Brief:
Only the lines below from the one containing "What's good y'all, it's" through the last line should be set down, exactly as written and with no pictures.

── Data to process ──

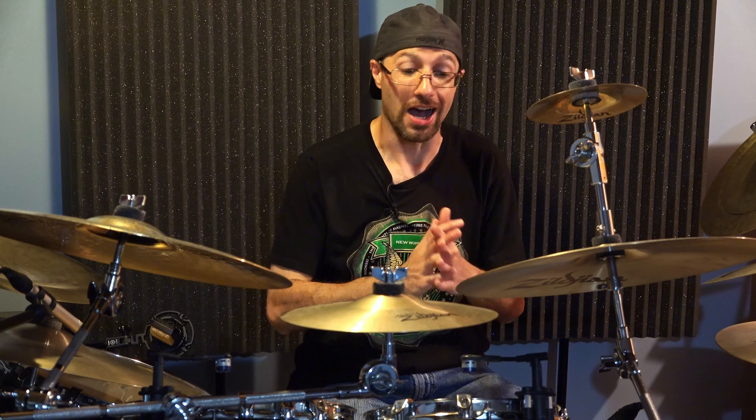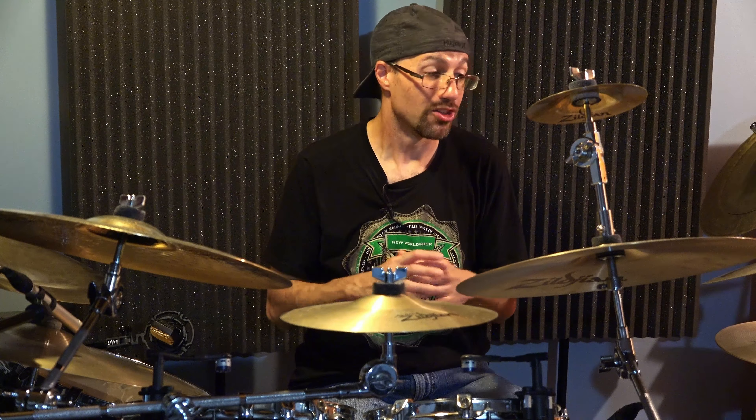Hey guys. So as of when I'm tracking this, I had just finished recording drums for the latest Three Points of Madness album. I used this massive 18 microphone setup. There's a lot here that I could talk about, but what I really wanted to discuss today was mid-side room micing.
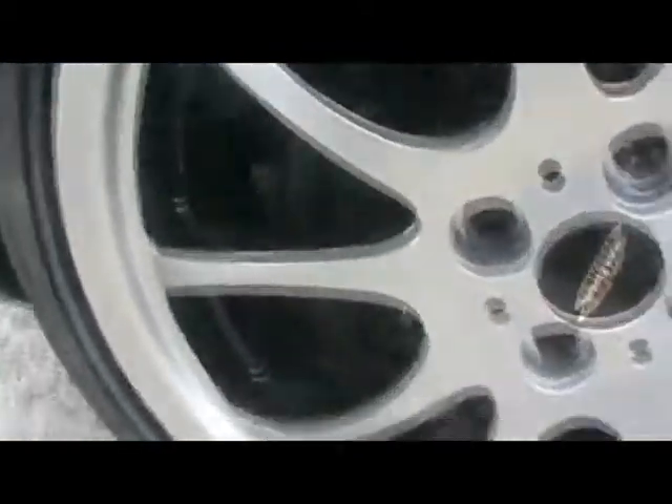I also want to show you the alloy wheels. These are obviously the John Cooper Works wheels. As you can see, there's one mark on them. And again on the rear.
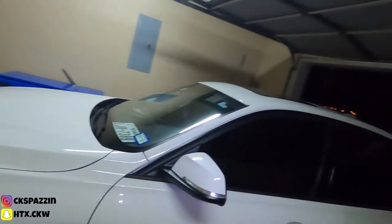What's good y'all, it's your boy CK Spaz and today I got another video. Your boy officially started modding the BMW — the mods are here!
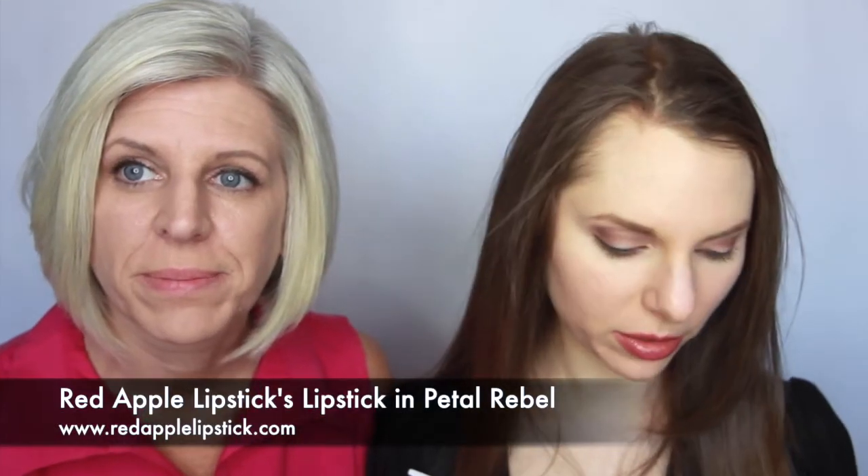Now for her lips, I'm going to be using our new summer collection lipstick and this is in the shade Petal Rebel.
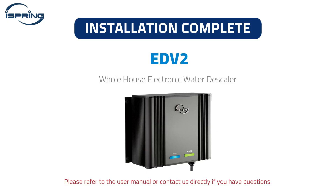Congratulations! Your iSpring EDV2 electronic water descaler installation is now complete. Please refer to the user manual or contact us directly if you have questions. Thank you.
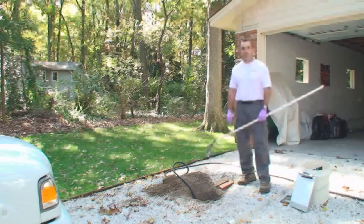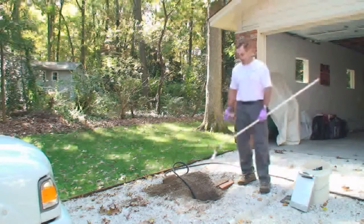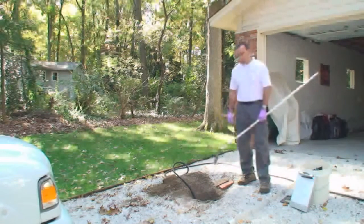Septic systems don't differ a lot in the types, but they do differ quite a bit in what you find out on the site and the way systems are installed. This one today, we kind of have limited access. The tank is installed in the middle of the driveway. We were able to get into the top of the tank and get started here.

───

Solved exercise:
What's good y'all, it's your boy CK Spaz and today I got another video. Your boy officially started modding the BMW — the mods are here!
Now for her lips, I'm going to be using our new summer collection lipstick and this is in the shade Petal Rebel.
Congratulations! Your iSpring EDV2 electronic water descaler installation is now complete. Please refer to the user manual or contact us directly if you have questions. Thank you.
Septic systems don't differ a lot in the types, but they do differ quite a bit in what you find out on the site and the way systems are installed. This one today, we kind of have limited access. The tank is installed in the middle of the driveway. We were able to get into the top of the tank and get started here.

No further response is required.